Someone, I have forgotten who, said that when we find this initial Yes, "We realize that 'Yes' is the answer to every 'why?' and suddenly everything makes sense. In saying this 'Yes' we become what we are. Our true self is 'Yes.' " Such a gift, both to ourselves and our children, to practice Yes. This Yes is the password that opens the sacred door, reconnects us with our own hearts, our own children, and reweaves us once more into the great and sacred Web of Life.
Some final, practical tips for integrating these suggestions into your life. First and foremost, breathe. Practice soft-bellied breathing, when you're waiting at a stoplight, when you're playing with your children or putting them in time out.

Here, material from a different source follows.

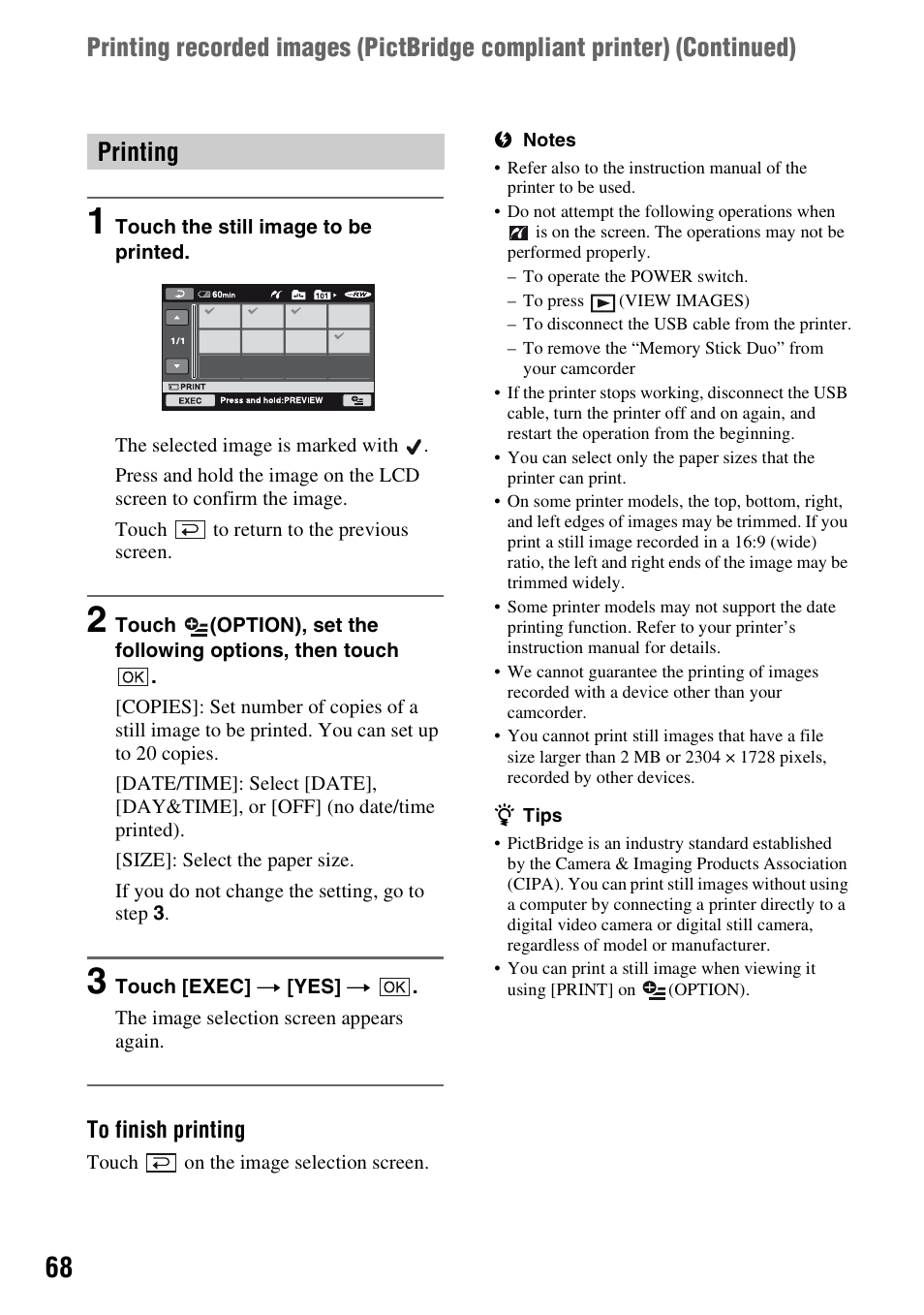 Printing | Sony HDR-UX1 User Manual | Page 68 / 155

The more you practice breathing at non-stressful moments, the more you will be able instinctively to breathe deeply, instead of contracting, when a difficult moment happens with your children.
Next, practice softening. Soften your belly. Soften your eyes and your visual focus. Soften your heart. When you're holding your baby, when your child is sitting on your lap, or when you give your teenager a hug, soften into them. See what a difference it makes. Again, the more you practice softening in easy times, the easier it will be to soften when the going gets rough.
Post reminders to yourself in your house and car to practice the aforementioned. Tell yourself that whenever you see the stove, or the window above the sofa, or any object in your environment, you'll remember to breathe and soften.
Finally, see your time with your children as a precious opportunity to practice mothering as a spiritual path. It is a once-in-a-lifetime chance that passes very quickly. Open to the wonders and gifts that this path brings your way, and breathe Spirit into your daily life with your children.